We know D.C. Get our free newsletter to stay in the know.

The D.C.-area economy weathered the recession better than just about any other in the country—-and then it started to tank. Now, the region’s prospects for future prosperity and competitiveness hinge on the choices it makes in the coming years.

That’s the conclusion Stephen Fuller, the D.C. area’s leading economic prognostication guru and director of the Center for Regional Analysis at George Mason University, draws from the data. Fuller is presenting a report on the regional economy this morning at a conference in Tysons, and laid out his findings in a media briefing earlier this week.

The D.C. economy “was a rising star in the ’60s, ’70s, and 80s,” Fuller says. “In 2010, we peaked. 2010 was a turning point. We are a company town, and at that point the company clearly began to tighten its belt.”

In 2009 and 2010, the Association of Foreign Investors in Real Estate named D.C. the top investment city in America. (In 2009, D.C. was also No. 1 in the world.) But that ranking slowly weakened, before dropping off the global top-five list altogether in 2014.

The reason had mostly to do with federal government spending. Federal employment fell 5.6 percent between 2010 and 2013, while federal procurement outlays dropped by 16 percent.

Some of those federal jobs were replaced with jobs in other sectors. The trouble is, those new jobs often didn’t pay as well. “For the first time in the history of Washington,” says Fuller, “we’ve had three consecutive annual decreases in wages. This isn’t a recession. This is a structural shift.”

While the median household income in the region dropped by more than $2,000 between 2009 and 2013, it rose by $2,919 in the District. Worst hit were Frederick (-$8,215) and Loudoun County (-$7,283).

But as a region, D.C. went from the star of the recession…

… to the runt of the recovery.

So what happens next?
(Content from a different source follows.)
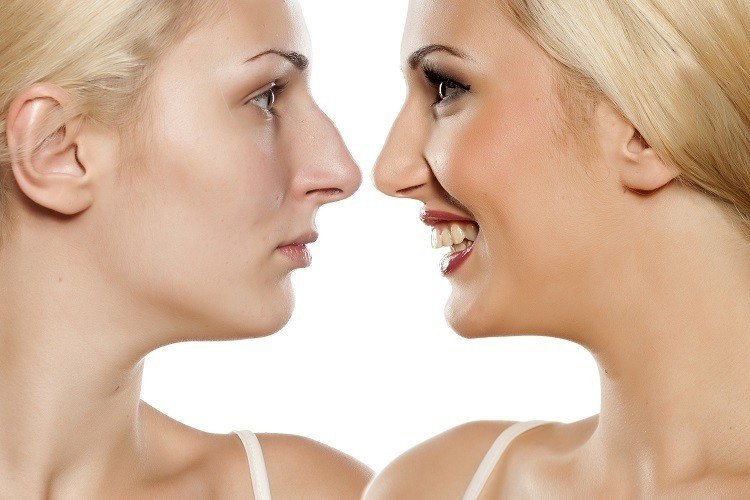 تجربتي مع عملية تجميل الانف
Fuller says we could go one of two ways. One is what’s predicted by the data. The statistical models, which simply project anticipated national trends onto the region’s job-sector breakdown, are actually quite rosy on D.C.’s long-term prospects. Fuller’s analysis of data from IHS Economics shows the region slowly shaking off its economic doldrums and actually overtaking the national average in economic growth in 2017.

According to this model, D.C. will shed 22.3 percent of its federal government jobs by 2019, but more than compensate with growth in a number of other sectors, particularly professional and business services.

Fuller cautions, though, that these projections assume that the region succeeds in attracting lots of new jobs in these sectors. It’s far from a given. Currently, much of the region’s growth is being driven by retail. “We can’t run an economy on selling stuff to people who are already here,” says Fuller. “We have to sell to other people.”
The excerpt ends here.